> _Provided data_
⁂

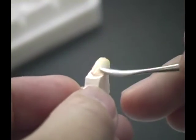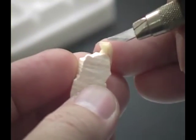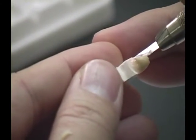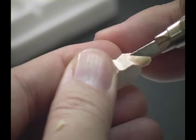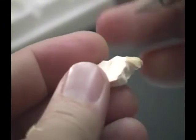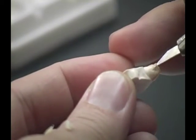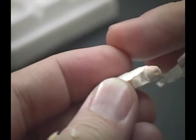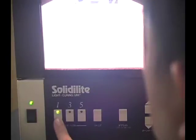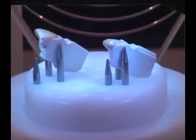Apply the Ceramatch body on the lateral incisor in a similar manner. Remove the excess material with the cutting knife. Place the two dies in the light box and cure for one minute. The rotating platform ensures uniform and complete cure.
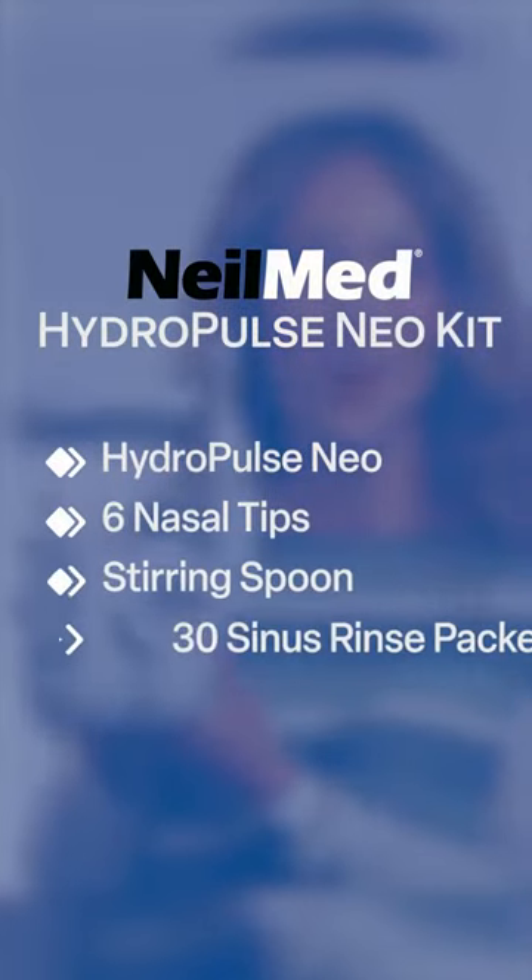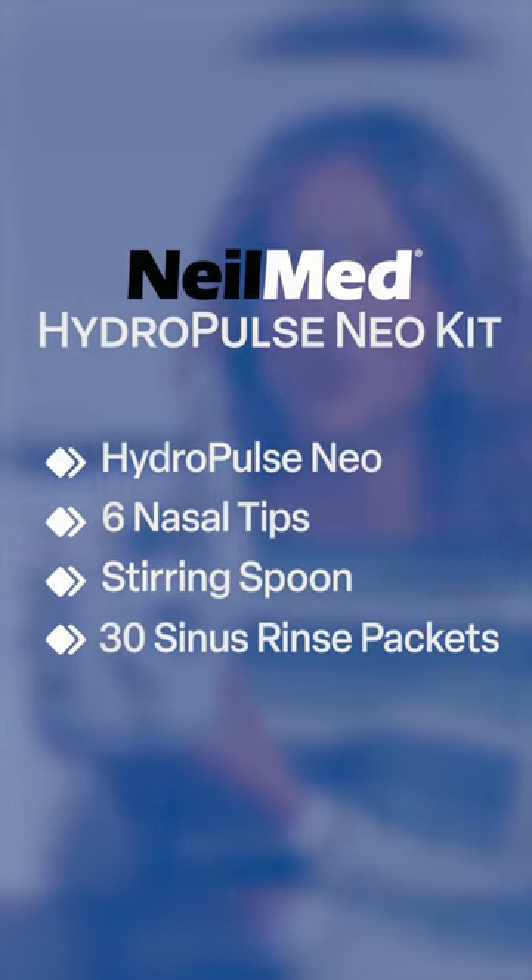The kit comes with one HydroPulse Neo, six nasal tips, a stirring spoon, and 30 pre-mixed packets of NealMed sinus rinse.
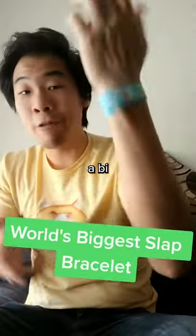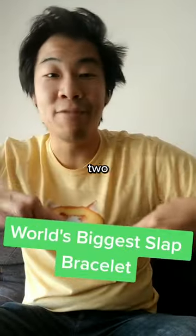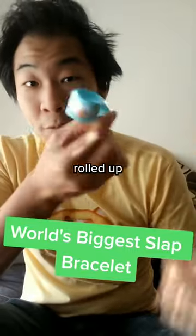This is a slap bracelet. Remember these? They are a bi-stable structure, meaning they have two stable shapes: straight and rolled up.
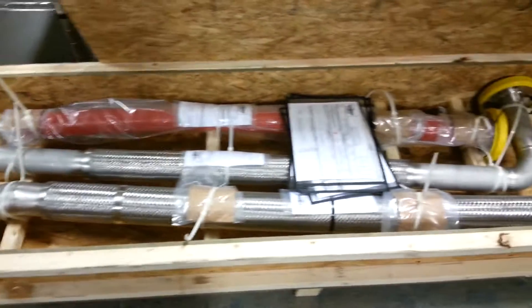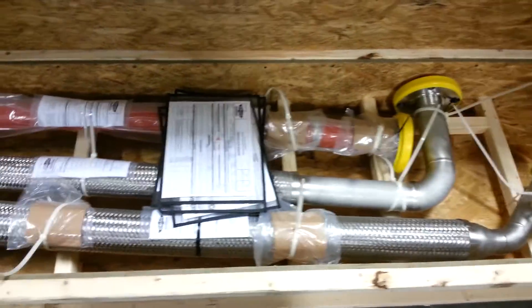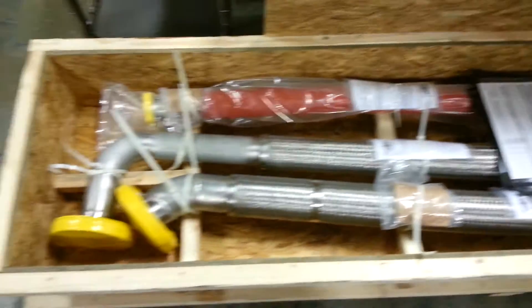We take pride in our shipping. As you can see, these three hoses are here, ready to go. They've been zip-tied and secured. All the paperwork is on the part. A fire sleeve has been protected and, of course, all the flanges have been protected with flange covers.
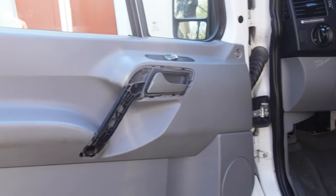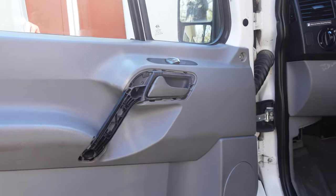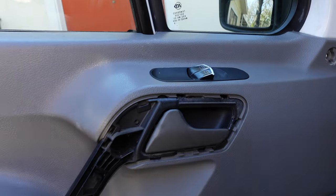We're removing the door trim now on a 2007 Mercedes Sprinter. It's all the same between 2007 and 2018.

⁂

> _Aim of the task_
Wherever an image sits in the data, omit it; everything else must be copied exactly.

> _Response to this exercise_
Apply the Ceramatch body on the lateral incisor in a similar manner. Remove the excess material with the cutting knife. Place the two dies in the light box and cure for one minute. The rotating platform ensures uniform and complete cure.
The kit comes with one HydroPulse Neo, six nasal tips, a stirring spoon, and 30 pre-mixed packets of NealMed sinus rinse.
This is a slap bracelet. Remember these? They are a bi-stable structure, meaning they have two stable shapes: straight and rolled up.
We take pride in our shipping. As you can see, these three hoses are here, ready to go. They've been zip-tied and secured. All the paperwork is on the part. A fire sleeve has been protected and, of course, all the flanges have been protected with flange covers.
We're removing the door trim now on a 2007 Mercedes Sprinter. It's all the same between 2007 and 2018.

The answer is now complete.